Instant ichiban dashi powder is available in Amazon. I regard my instant ichiban dashi stock purchase as my profitable investment. First I can use the ichiban dashi left over to make other soup. Second, ichiban dashi gives such strong flavor to a lot of dishes that I don't need to use as much salt as I would normally use.

To use the instant ichiban dashi, just add one cup of boiling water to one table spoon of ichiban dashi stock. For chawan mushi make sure the ichiban dashi is not blazing hot. Cool it until it's warm but not hot.

Instructions:

Clean and boil all the fillers. Remember this is supposed to be served in small chawan or cup so avoid using too much fillers.
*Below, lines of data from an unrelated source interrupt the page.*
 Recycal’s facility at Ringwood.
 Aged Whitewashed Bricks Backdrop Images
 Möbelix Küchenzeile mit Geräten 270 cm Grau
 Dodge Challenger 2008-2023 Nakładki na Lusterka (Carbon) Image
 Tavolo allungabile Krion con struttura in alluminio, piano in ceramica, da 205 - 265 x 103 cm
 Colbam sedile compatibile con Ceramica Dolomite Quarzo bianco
Clean and cut the head and tail from the shrimps. Sprinkle them lightly with salt and soy sauce. My favorite Japanese soy sauce is Kikkoman.
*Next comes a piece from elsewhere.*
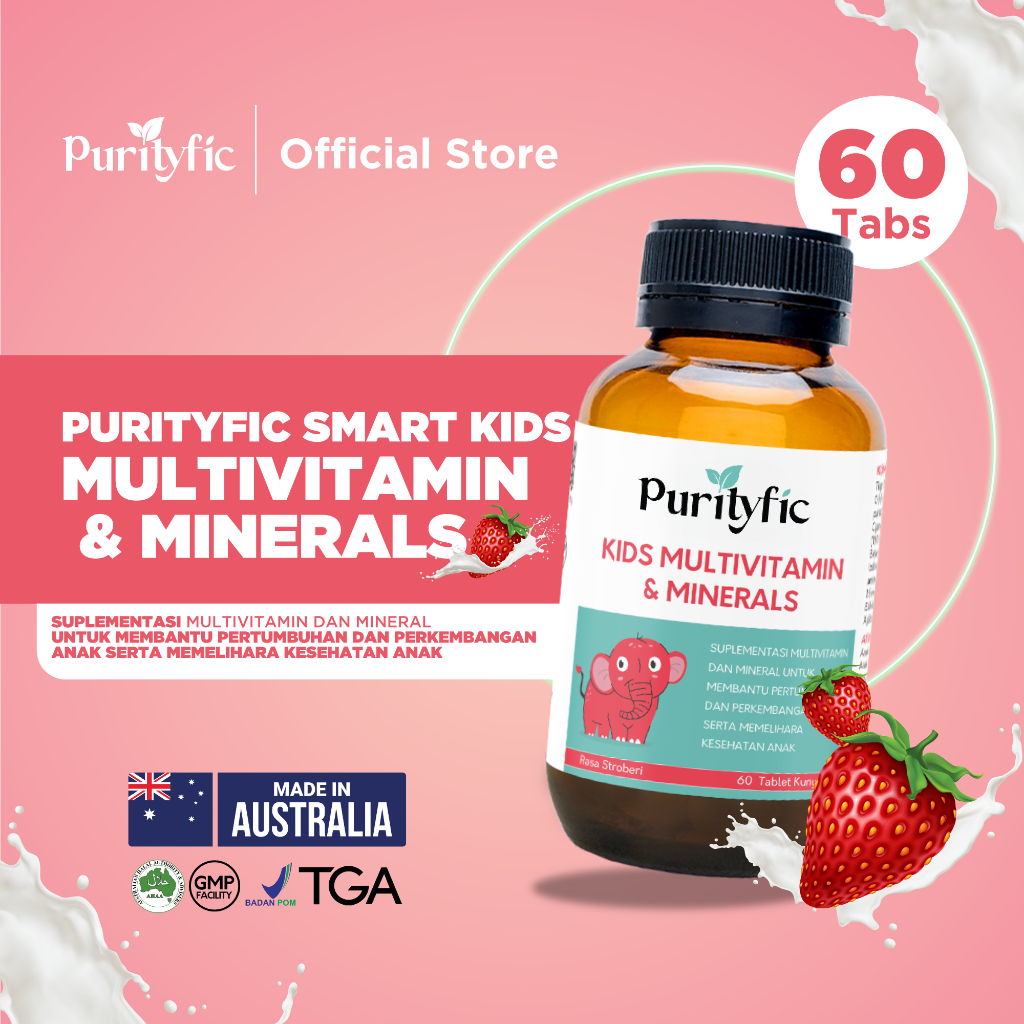 Jual (Official) Purityfic Kids Multivitamin & Minerals 60 Tablet Hisap ...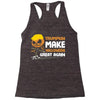 Trumpkin Make Halloween Great Again Racerback Tank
Make sure you have the necessary cups for chawan mushi first! I disastrously wrecked my first attempt by realizing that I have no such cups at all! The cups should be small and should be able to be closed by lids or covered using aluminium foil.
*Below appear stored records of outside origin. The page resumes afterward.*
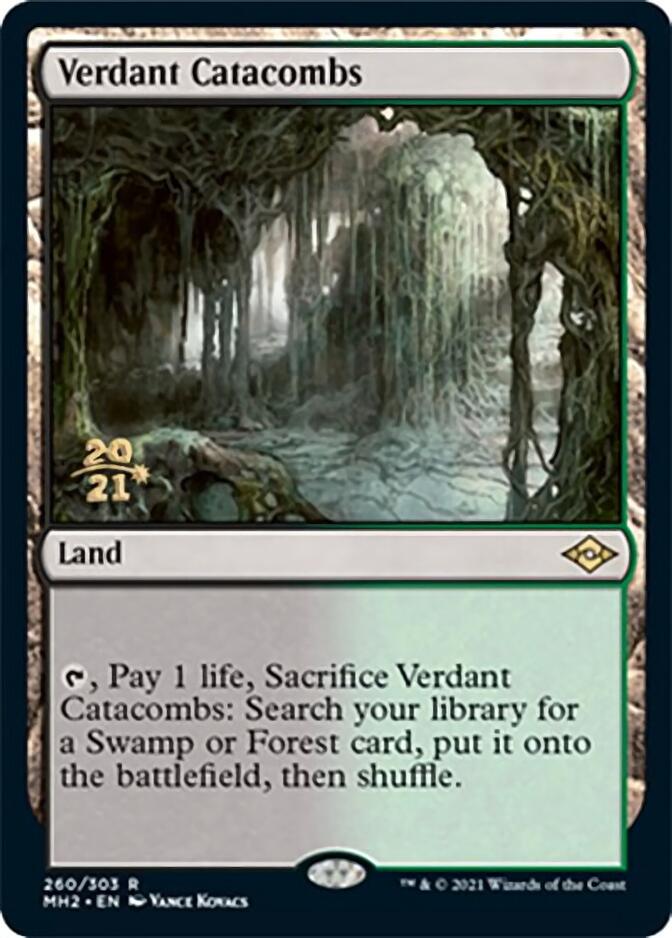 Verdant Catacombs [Modern Horizons 2 Prerelease Promos] | Exor Games Summserside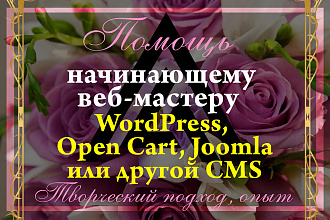 Помощь веб-мастеру сайта WordPress, Open Cart, Joomla
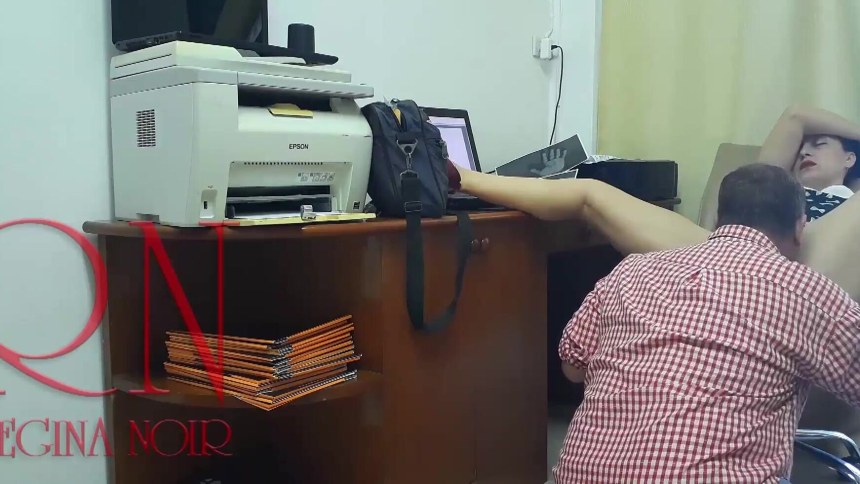 Voyeur Boss secretly films hot Office girl Masturbate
Then pour all the eggs into one bowl. Use chopsticks to carefully dissolve the eggs mixture. Do not let the eggs mixture have bubble at all. This is not easy for me, this is where I messed up also. Slowly mix all the eggs and then pour the dashi slowly while stirring with chopsticks.

Prepare four cups and fill each of them with shitake, shrimps and chicken breasts. Slowly pour the egg mixture into each glass.

Boil water in steamer and put the cups in the steamer. Use the strong fire for one minute then reduce to medium fire for another 10 - 13 minutes. This part is also hard since there's no exact duration when steaming the chawan mushi. In my first attempt I overcook it by mistakenly steaming it for 15 minutes under medium fire. So don't leave the kitchen, its best when it's not overcooked.

Chawan mushi should be ready after 10 - 13 minutes, then place the cilantro leaves on the top. It's very hot so be careful when serving the chawan mushi to your guests. The least thing you want to happen is for them to grab the cup hastily then dropping it.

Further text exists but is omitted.